Khadr has been twice before tried -- and twice had his charges dismissed due to challenges to President Bush's war-crimes court, which the Pentagon set up in the aftermath of the Sept. 11, 2001, attacks to try war-on-terrorism captives neither in traditional U.S. civilian nor military courts.
The session will resume with a new set of supervisors at the top.
Hartmann recently took over the job as legal advisor, which has sweeping supervisory powers at the trials. He replaced Air Force Gen. Thomas Hemingway, who had overseen the Office of Military Commissions.
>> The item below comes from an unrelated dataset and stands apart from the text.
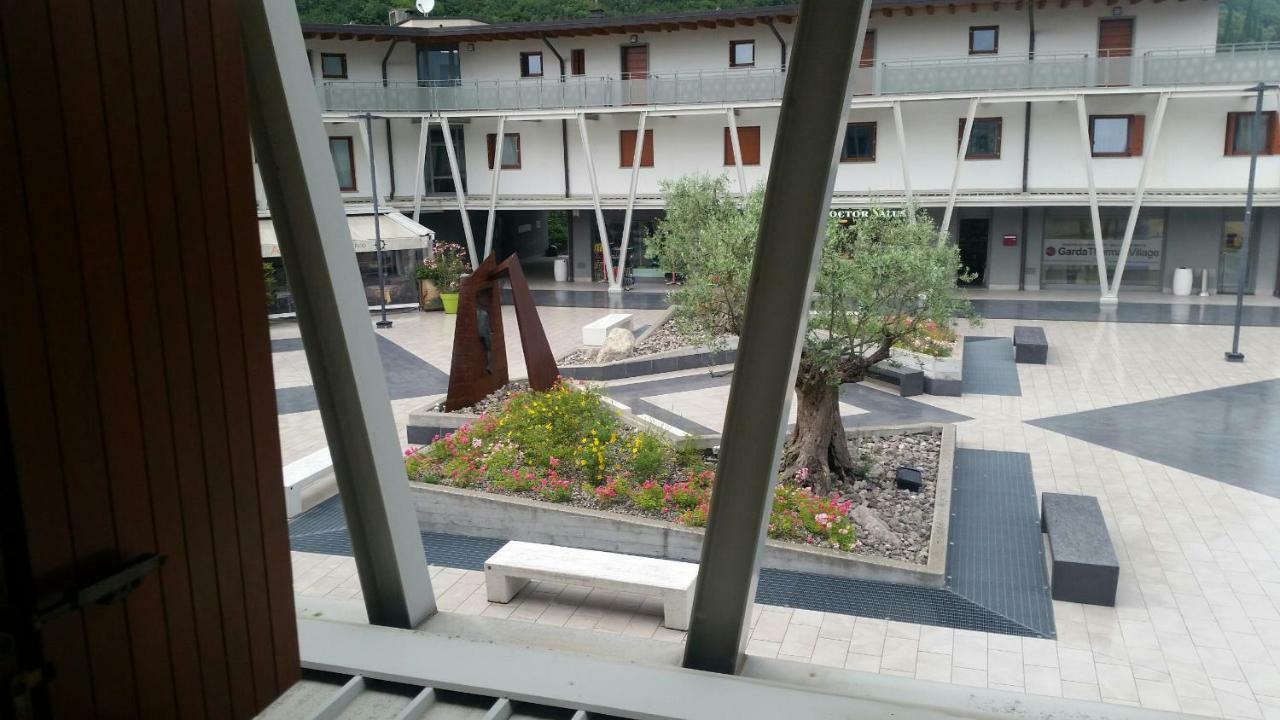 Garda Thermae Village Arco Exterior photo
There is also a new chief defense attorney, Army Col. Steve David, who in civilian life is a reservist and an elected judge in the Boone County Circuit Court of Lebanon, Ind. He replaced Marine Col. Dwight Sullivan, a former American Civil Liberties Union attorney who has returned to civilian life.
The commissions have been controversial since their inception. Once shut down by the U.S. Supreme Court as unconstitutional, the Bush administration championed legislation in the 2006 Republican-led Congress that revived the trials.
Only one captive has been convicted at a commission. He is Australian David Hicks, 36, who pleaded guilty to material support for terrorism as an al Qaeda foot soldier in exchange for serving out a nine-month sentence in his homeland. He is due for release by New Year's Eve.
The commissions are handling three active prosecutions.
None of the so-called ''high value'' captives once held by the CIA have been charged in the year-plus they have been at the remote U.S. Navy base in southeast Cuba.